Filesystem prefix (`s3://`, `gs://`, `abfs://`)	`fileSystemPrefix`	`fileSystemPrefix`	—
Full storage path (`prefix + bucket`)	`storagePath`	`storagePath`	—
SSH connection type	`sshType`	`sshType`	—
Metastore type (`AWS_GLUE` / `HIVE` / `BIGQUERY`)	`metastoreType`	`metastoreType`	—
Metastore hostname	`metastoreHostname`	`metastoreHostname`	—

Section getters

Returns	Python	Scala	Legacy (Python)
`config` section — region, projectId, etc.	`getConfig()`	`getConfig()`	`get_config_from_metadata()`
`storage` section — bucket, paths	`getStorage()`	`getStorage()`	`get_storage_from_metadata()`
`network` section	`getNetwork()`	`getNetwork()`	`get_network_from_metadata()`
`metastore` section	`getMetastore()`	`getMetastore()`	`get_metastore_from_metadata()`
`security` section — cloud creds, SSH	`getSecurity()`	`getSecurity()`	`get_security_from_metadata()`
Full payload (all sections)	`getAll()`	`getAll()`	`get_all_from_metadata()`, `asDict()`, `get_infrasturcture_json(token=None)`
Global init script (`Optional[str]` / `Option[String]`)	`getGlobalInitScript()`	`getGlobalInitScript()`	`get_global_init_script_from_metadata()`
Drop the cached payload	`clearCache()`	`clearCache()`	—

Generic accessors (backward-compat with legacy `InfrastructureClient`)

Returns	Python	Scala	Legacy (Python)
Any `infraProvider` section by name	`get(resource)`	(use `getAll()("infraProvider")(resource)`)	`get(token, resource)`
Same — alias	`get_from_metadata(resource)`	—	`get_from_metadata(resource)`
Full payload (legacy typo preserved)	`get_infrasturcture_json(token=None)`	—	`get_infrasturcture_json(token)`

The token parameter is accepted on the legacy aliases but ignored — auth is handled by the underlying ApiClient at construction. Sensitive values under security / metastore come back as SecretString (redact on print, work as plain str with SDKs).

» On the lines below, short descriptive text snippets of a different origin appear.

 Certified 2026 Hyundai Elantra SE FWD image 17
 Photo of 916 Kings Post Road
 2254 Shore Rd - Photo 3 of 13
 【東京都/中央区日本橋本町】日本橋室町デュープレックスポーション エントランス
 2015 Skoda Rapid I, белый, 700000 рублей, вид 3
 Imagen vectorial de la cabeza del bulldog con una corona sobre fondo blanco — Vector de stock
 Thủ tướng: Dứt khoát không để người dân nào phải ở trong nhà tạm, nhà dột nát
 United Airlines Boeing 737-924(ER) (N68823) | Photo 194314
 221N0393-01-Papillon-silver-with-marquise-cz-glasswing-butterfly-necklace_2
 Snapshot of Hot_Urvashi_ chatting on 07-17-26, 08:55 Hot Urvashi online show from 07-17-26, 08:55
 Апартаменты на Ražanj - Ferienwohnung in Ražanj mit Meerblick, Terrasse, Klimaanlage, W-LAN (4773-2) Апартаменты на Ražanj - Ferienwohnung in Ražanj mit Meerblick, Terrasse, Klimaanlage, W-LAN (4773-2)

# Generic — fetch any section dynamically
synutils.infrastructure.get("storage")            # plain dict
synutils.infrastructure.get("notebookConfig")     # {"script": "..."}
synutils.infrastructure.get("security")           # values redact when printed
# Legacy aliases
synutils.infrastructure.get_from_metadata("storage")
synutils.infrastructure.get_infrasturcture_json()  # full nested payload

Python returns dict everywhere; Scala returns Map[String, AnyRef]. Same shape, language-native types.

Secret fields (encrypted + sealed)

Encrypted fields are auto-decrypted by the platform and wrapped in SecretString so they redact in print / log output. Pull a value out of the dict and call .get() / .unseal() to reveal the decrypted plaintext.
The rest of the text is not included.